→ How to complete this task: Exact copy, pictures excluded: reproduce every record below.

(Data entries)
++++++++++

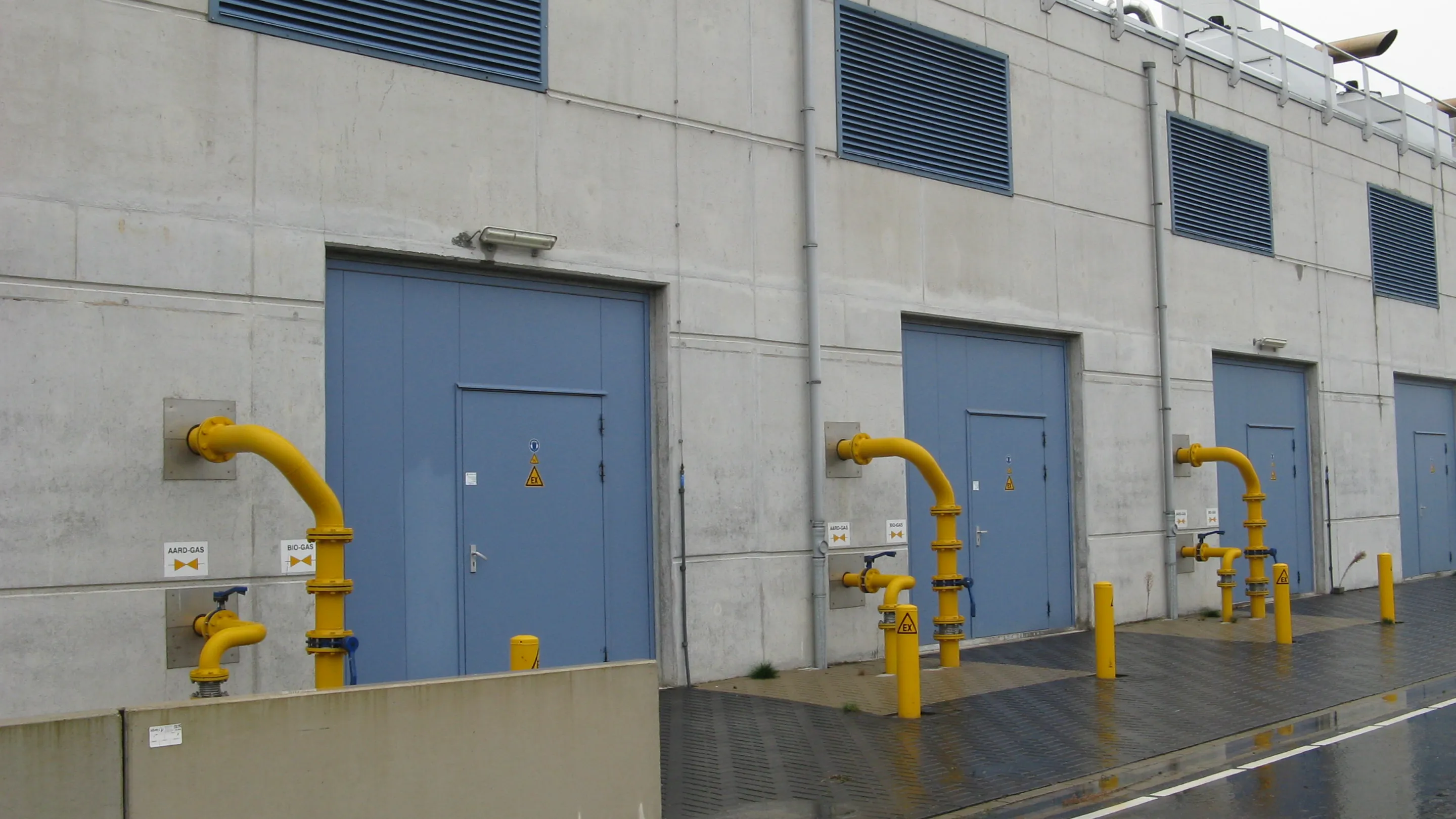 Aerial view of rooftop HVAC and cooling installations at a data centre, showing large ventilation units, pipework and surrounding greenery.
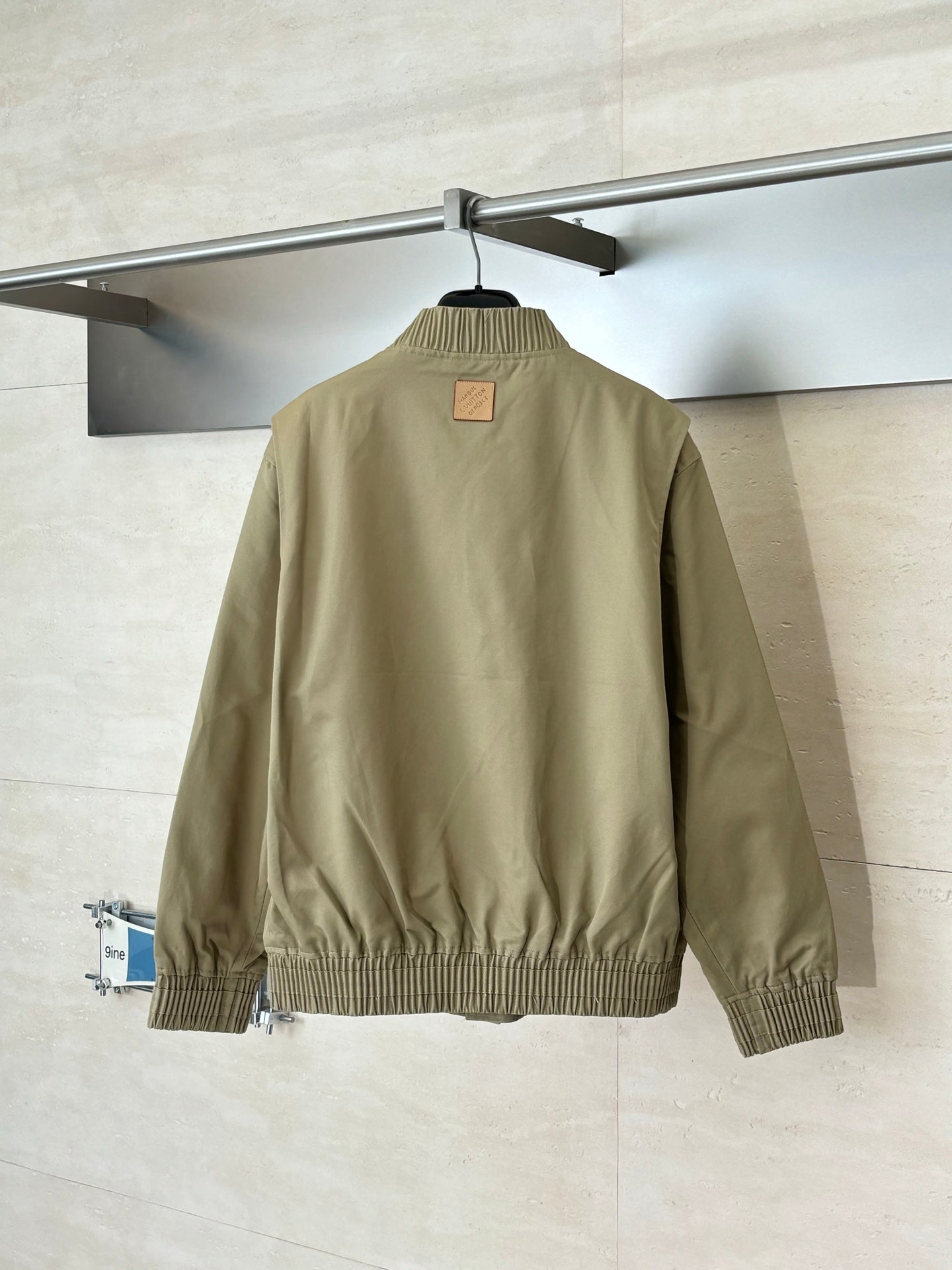Tan bomber jacket back view with ribbed hem and ribbed neck opening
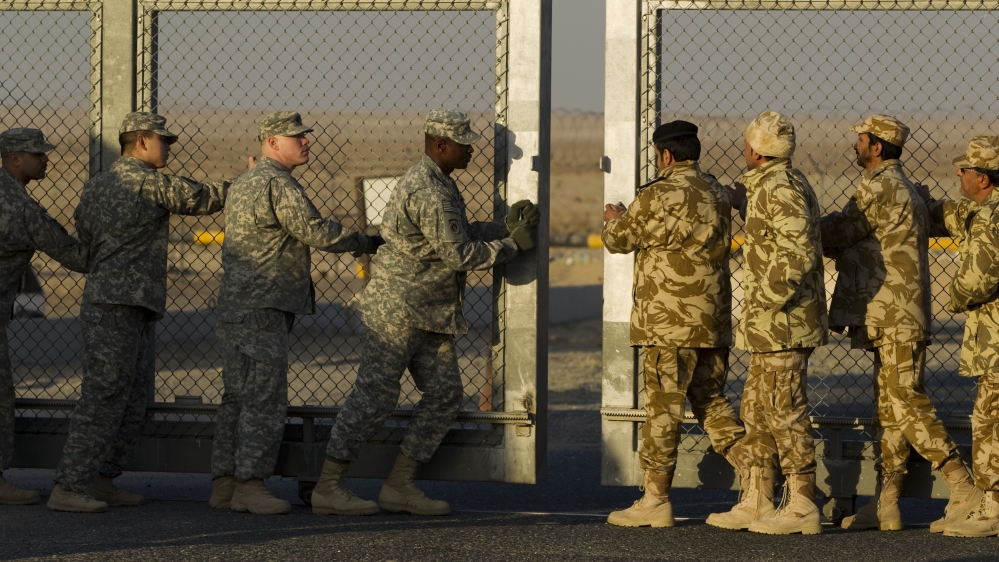 Kuwaiti and U.S. soldiers close the border gate after the last vehicle crossed into Kuwait during the US miltary's withdrawal from Iraq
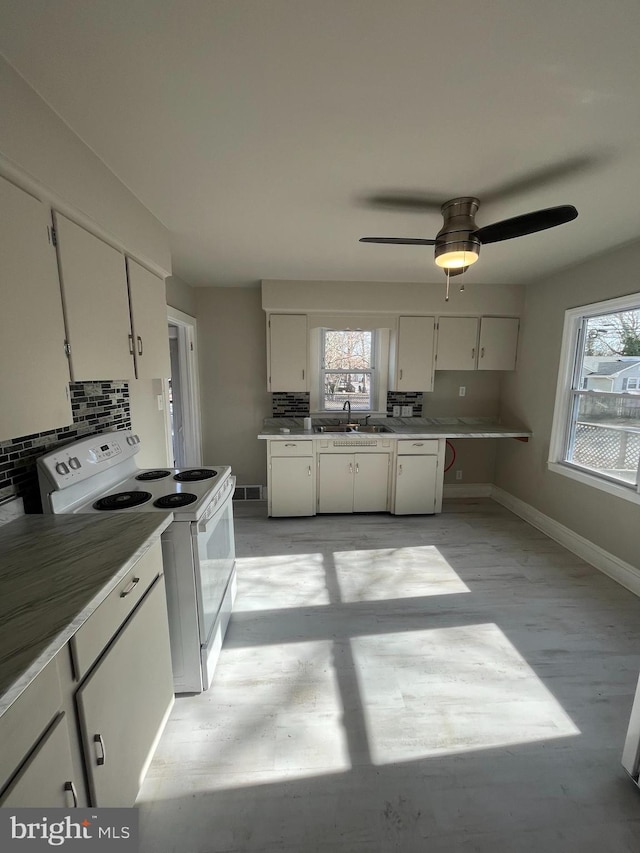 kitchen featuring sink, backsplash, white cabinets, and white appliances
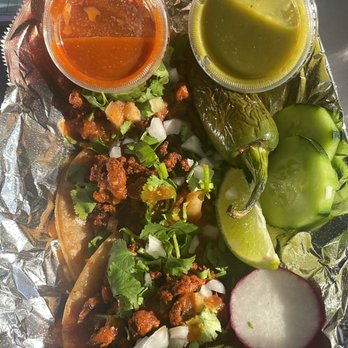 Pink Taco KC - a plate of tacos and salsa - Food Trucks Near Me Pink Taco KC - a plate of tacos and salsa - Food Trucks Near Me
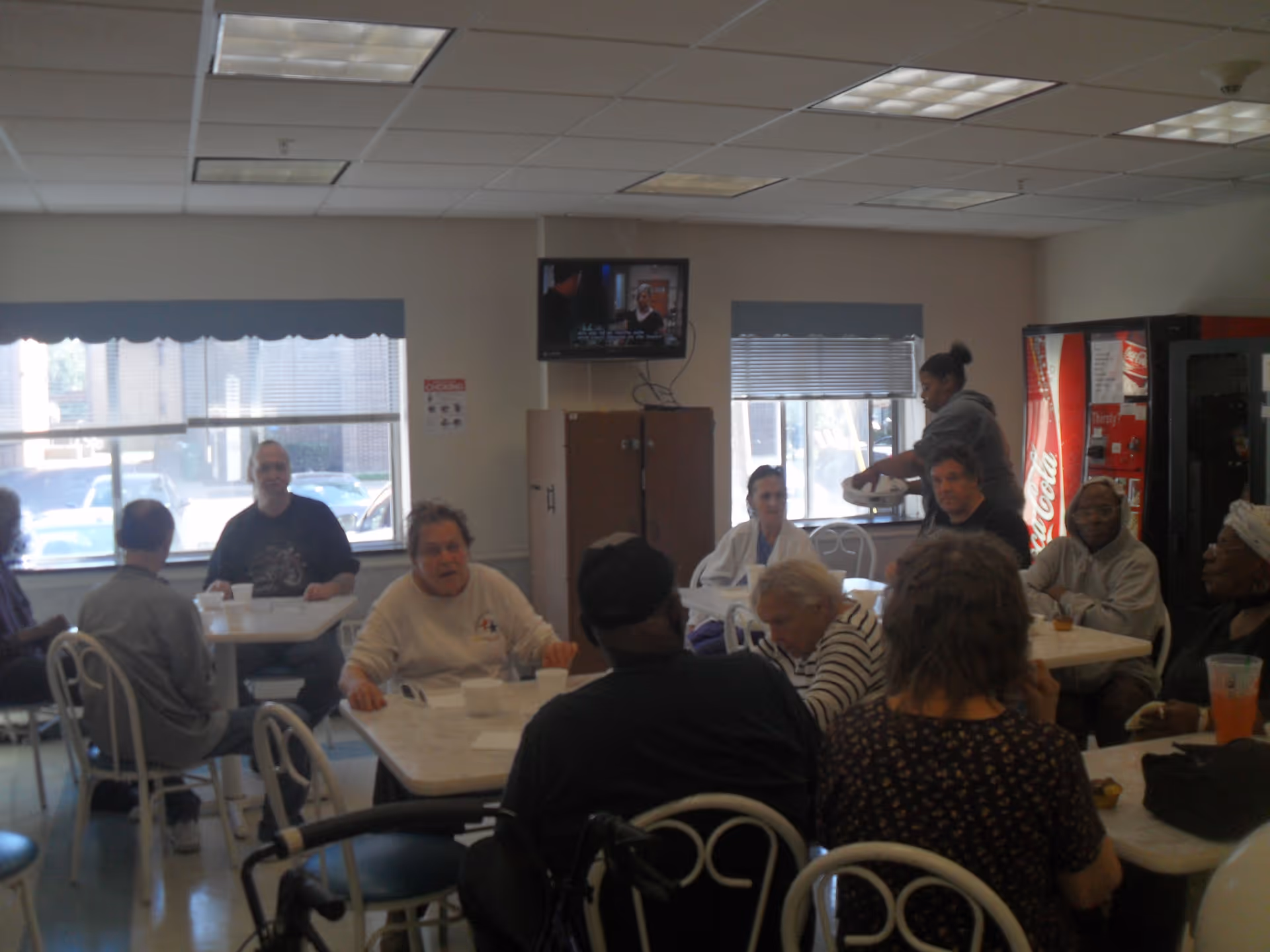 A group of elderly people sitting around tables in a communal dining area with white chairs and tables. A woman is serving food near a window, and a television is mounted on the wall above a cabinet. There is a Coca-Cola vending machine in the corner of the room.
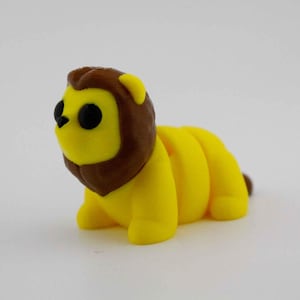 Op de afbeelding: Een gele leeuwenfiguur met een bruine manen en staart. De leeuw heeft zwarte ogen en kruipt. Het figuur is gemaakt van een zacht materiaal, waarschijnlijk een speelgoed of decoratieartikel.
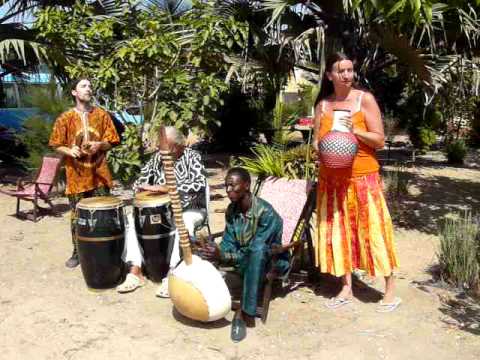 Jali Sherrifo Konteh plays Kora with friends at Gunjur Project Lodge, The Gambia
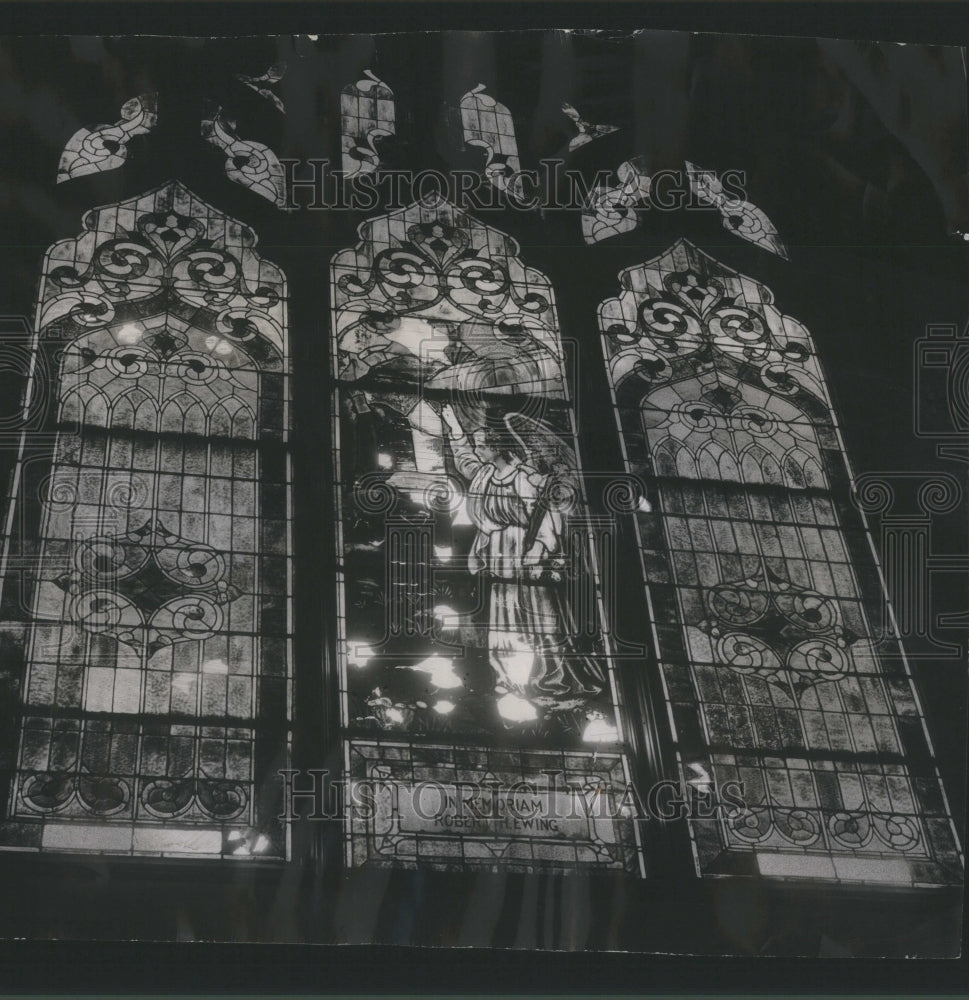 1954 Press Photo Holes in stained-glass church windows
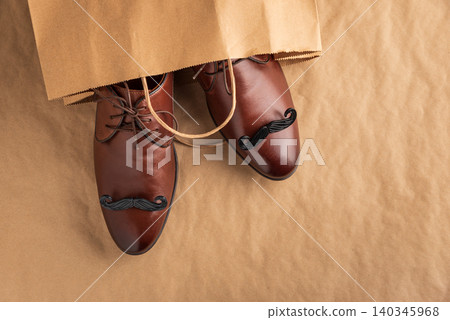 Brown leather shoes with mustaches in a shopping bag Brown leather shoes with mustaches in a shopping bag 140345968
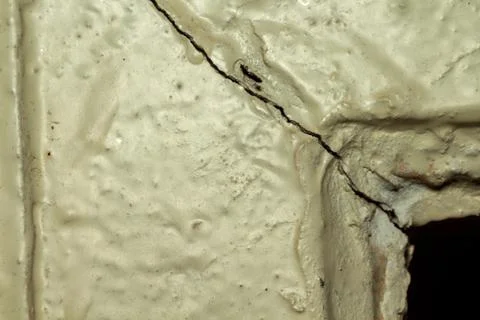 A cracked beige wall texture background with rough surface and damage Fotos Stock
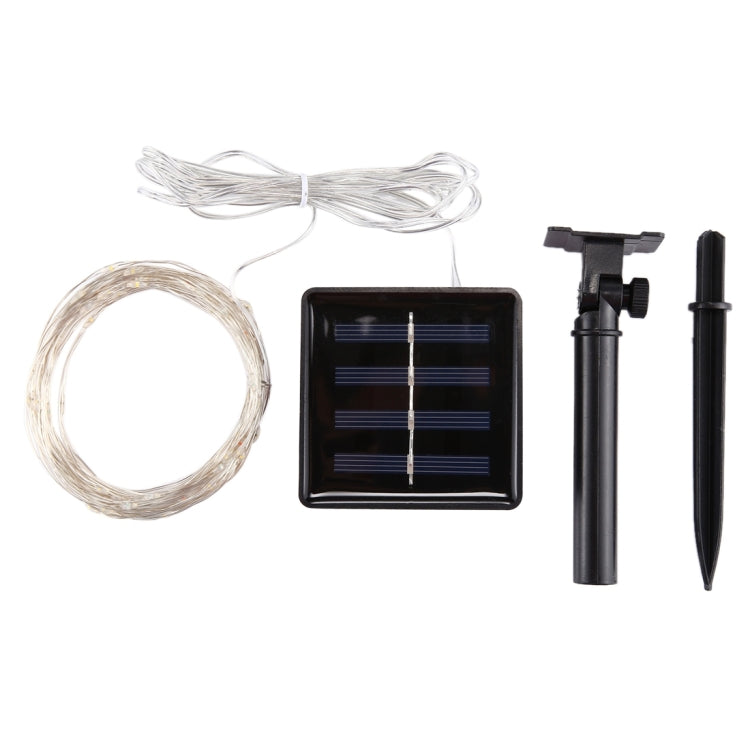 Solar string light set kit with clear wire coil, black solar panel stake, and ground stakes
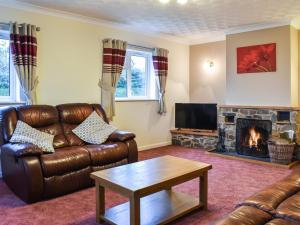 a living room with a leather couch and a fireplace at Gwynfan Bungalow in Nantmel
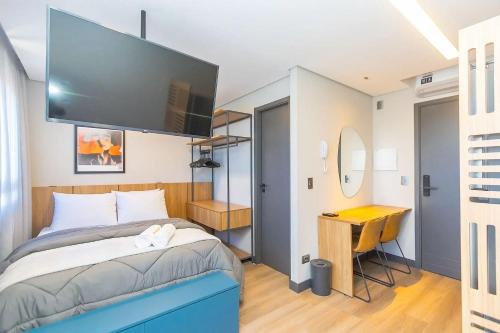 a bedroom with a bed with a flat screen tv at Vibe Curitiba by Housi, próximo à Ligga Arena e Praça do Japão in Curitiba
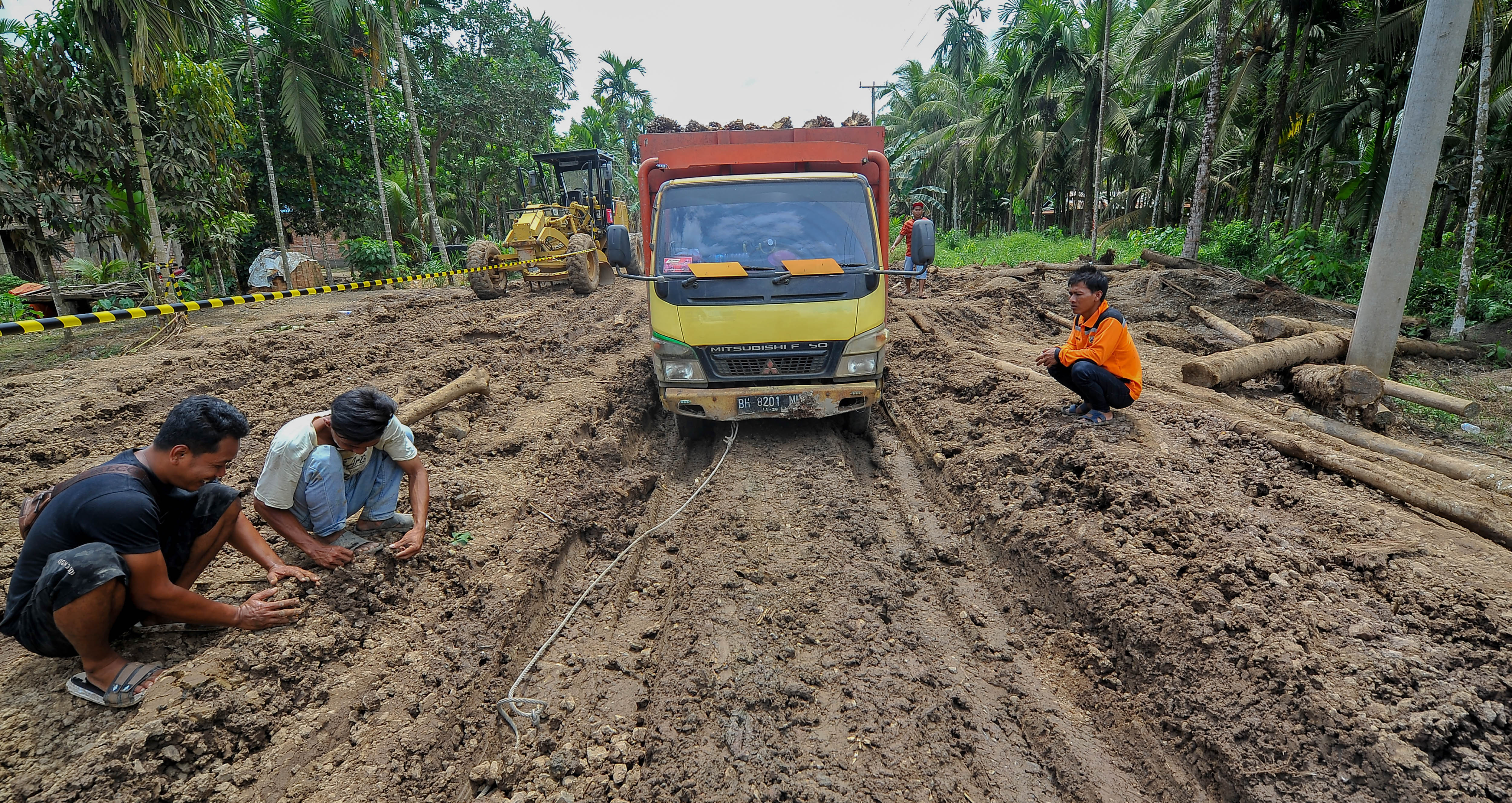 Pengemudi menunggu mobil penarik untuk mengeluarkan truk yang terperosok di jalan lintas Jambi-Nipah Panjang yang rusak di Muara Sabak Ulu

++++++++++

→ Exercise solution:
 Aerial view of rooftop HVAC and cooling installations at a data centre, showing large ventilation units, pipework and surrounding greenery.
Tan bomber jacket back view with ribbed hem and ribbed neck opening
 Kuwaiti and U.S. soldiers close the border gate after the last vehicle crossed into Kuwait during the US miltary's withdrawal from Iraq
 kitchen featuring sink, backsplash, white cabinets, and white appliances
 Pink Taco KC - a plate of tacos and salsa - Food Trucks Near Me Pink Taco KC - a plate of tacos and salsa - Food Trucks Near Me
 A group of elderly people sitting around tables in a communal dining area with white chairs and tables. A woman is serving food near a window, and a television is mounted on the wall above a cabinet. There is a Coca-Cola vending machine in the corner of the room.
 Op de afbeelding: Een gele leeuwenfiguur met een bruine manen en staart. De leeuw heeft zwarte ogen en kruipt. Het figuur is gemaakt van een zacht materiaal, waarschijnlijk een speelgoed of decoratieartikel.
 Jali Sherrifo Konteh plays Kora with friends at Gunjur Project Lodge, The Gambia
 1954 Press Photo Holes in stained-glass church windows
 Brown leather shoes with mustaches in a shopping bag Brown leather shoes with mustaches in a shopping bag 140345968
 A cracked beige wall texture background with rough surface and damage Fotos Stock
 Solar string light set kit with clear wire coil, black solar panel stake, and ground stakes
 a living room with a leather couch and a fireplace at Gwynfan Bungalow in Nantmel
 a bedroom with a bed with a flat screen tv at Vibe Curitiba by Housi, próximo à Ligga Arena e Praça do Japão in Curitiba
 Pengemudi menunggu mobil penarik untuk mengeluarkan truk yang terperosok di jalan lintas Jambi-Nipah Panjang yang rusak di Muara Sabak Ulu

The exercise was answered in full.